I understand the annoyance of writing about two separate bands from the same night, but 2070’s performance opening for Bar Italia was something I would have kicked myself for if I had missed it. After one song, I pulled out my notebook and began to write anything that came to my head– I knew I would have to interview them despite knowing nothing but what had laid before me. Until the actual interview, I hadn’t even known the band’s name. After “excuse me”-ing my way to the front, knocking over someone’s propped recent purchase of Tracey Denim in the process, I was able to grab the bassist’s attention.
2070 originated in their home state of Michigan without any stable bandmates. Frontman Trevor Coleman began the band alongside bassist Khari Cousins’ brother before Khari took his place. The band’s current lineup consists of drummer Rogers DeCoud, guitarist Danny Rincon, Coleman, and Cousins.
Cultivating a fanbase out home, the band had some general success in surrounding cities. After moving out to LA with other 2070 bandmates, the pair began assimilating into a new landscape.
Much of the band came to be in spur-of-the-moment decisions, as each band member have their own additional side projects to focus on. Two of the three are indie-lofi artists, with the drummer DeCloud being a DJ. Despite this, their work doesn’t clash.
COU: “I feel like our own solo stuff is all very different, but we have very similar interests in music.”
COL:“We realized we play really well with each other.”
For me, this statement was not shocking.
Their sound fills the room, and I had explicitly asked them if it was the venue or how they genuinely play, realizing after that the question sounded slightly backhanded.
COU: “We still record softer but I feel like we still play it somewhat louder to like, give it that like ambiance– that like fills up the room.”
Once again, no surprise here. It is one of the beauties of seeing the band live, your experience is nowhere near the same as remote listening.
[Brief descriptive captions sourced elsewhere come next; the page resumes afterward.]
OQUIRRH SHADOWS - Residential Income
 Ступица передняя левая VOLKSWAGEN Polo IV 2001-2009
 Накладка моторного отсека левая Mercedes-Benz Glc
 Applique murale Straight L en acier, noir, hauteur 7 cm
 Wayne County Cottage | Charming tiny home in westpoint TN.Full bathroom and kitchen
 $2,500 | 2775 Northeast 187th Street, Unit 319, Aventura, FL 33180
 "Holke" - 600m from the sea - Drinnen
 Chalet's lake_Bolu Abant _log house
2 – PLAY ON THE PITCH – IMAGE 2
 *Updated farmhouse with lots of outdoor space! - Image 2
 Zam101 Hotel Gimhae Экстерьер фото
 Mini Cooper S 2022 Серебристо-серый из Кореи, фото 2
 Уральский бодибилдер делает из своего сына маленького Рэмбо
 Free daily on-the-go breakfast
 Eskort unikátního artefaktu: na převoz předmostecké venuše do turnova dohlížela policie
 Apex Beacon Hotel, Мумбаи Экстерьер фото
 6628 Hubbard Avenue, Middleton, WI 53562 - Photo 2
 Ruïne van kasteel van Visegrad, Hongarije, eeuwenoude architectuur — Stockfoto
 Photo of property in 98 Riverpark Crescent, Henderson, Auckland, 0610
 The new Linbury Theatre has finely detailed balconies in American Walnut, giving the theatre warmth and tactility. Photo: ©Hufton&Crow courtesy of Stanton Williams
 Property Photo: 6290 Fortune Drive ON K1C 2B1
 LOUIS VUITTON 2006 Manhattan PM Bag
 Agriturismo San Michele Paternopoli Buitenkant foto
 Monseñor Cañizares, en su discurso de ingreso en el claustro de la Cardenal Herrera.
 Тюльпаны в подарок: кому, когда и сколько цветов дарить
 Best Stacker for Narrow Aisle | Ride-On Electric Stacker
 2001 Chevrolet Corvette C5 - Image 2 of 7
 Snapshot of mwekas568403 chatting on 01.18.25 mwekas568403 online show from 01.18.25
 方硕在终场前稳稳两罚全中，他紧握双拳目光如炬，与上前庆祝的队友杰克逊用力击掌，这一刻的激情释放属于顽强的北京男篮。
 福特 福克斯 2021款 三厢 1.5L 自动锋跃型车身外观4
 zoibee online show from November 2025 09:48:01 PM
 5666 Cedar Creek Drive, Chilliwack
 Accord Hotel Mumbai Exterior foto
I had mentioned to them that their imperfect playing added an element of reality that many current artists desperately try to erase. Artists have begun to sound formulated for live music, with their production tuned to what is believed to be imperfect perfection– a simulation of raw performance. While I am nowhere near calling 2070 the finest performers in LA, they have true character. Their fear of mistakes is not at the forefront of performance; they don’t become hindered by an overly loud chord.
COU: “ I don’t know if it is intentional it just always happens that way. I think we are just comfortable with it being that way. [...] We just kinda play through it, but it’s always something.”
Unfortunately, due to the owners of the venue yelling for us to leave and my inability to write legibly, the other questions were left unanswered. After the initial viewing, I can confirm they will be on my radar, and should be on yours too.
2070 is signed (but not consummated) under the label Already Dead; their discography has been consistently growing, with singles released relatively regularly.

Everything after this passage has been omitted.